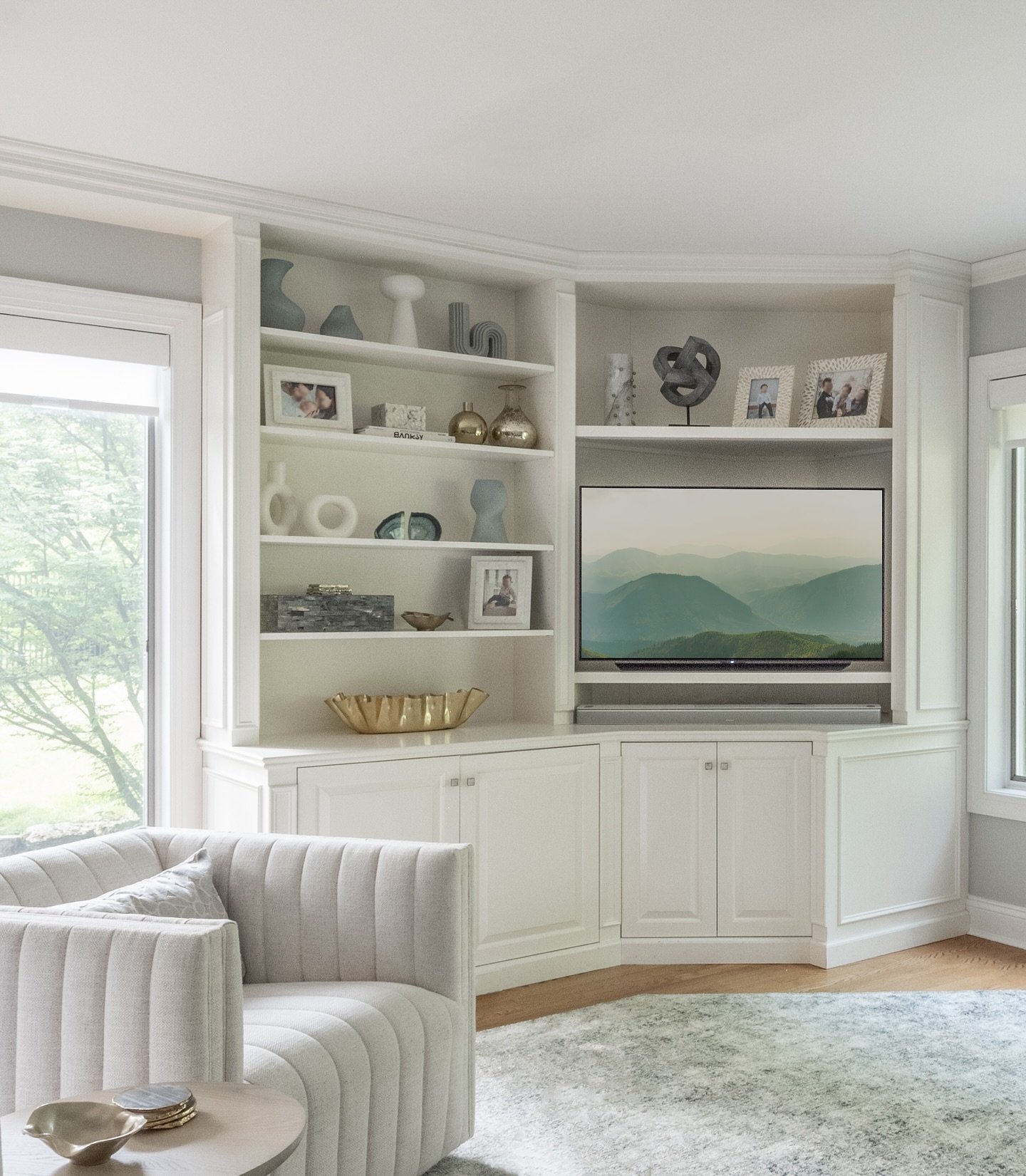 Summer sophistication, reimagined - light, airy and effortlessly elegant. These spaces are our ultimate inspiration this season! 
.
Design by: @7b_design 
.
Westchester Luxury Design | Westchester Interior Designer | Westchester Home Design | Scarsda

### [TASK ITEM]
Everything in the listing must be copied exactly except the pictures.

### [EXERCISE RESULT]
 Summer sophistication, reimagined - light, airy and effortlessly elegant. These spaces are our ultimate inspiration this season! 
.
Design by: @7b_design 
.
Westchester Luxury Design | Westchester Interior Designer | Westchester Home Design | Scarsda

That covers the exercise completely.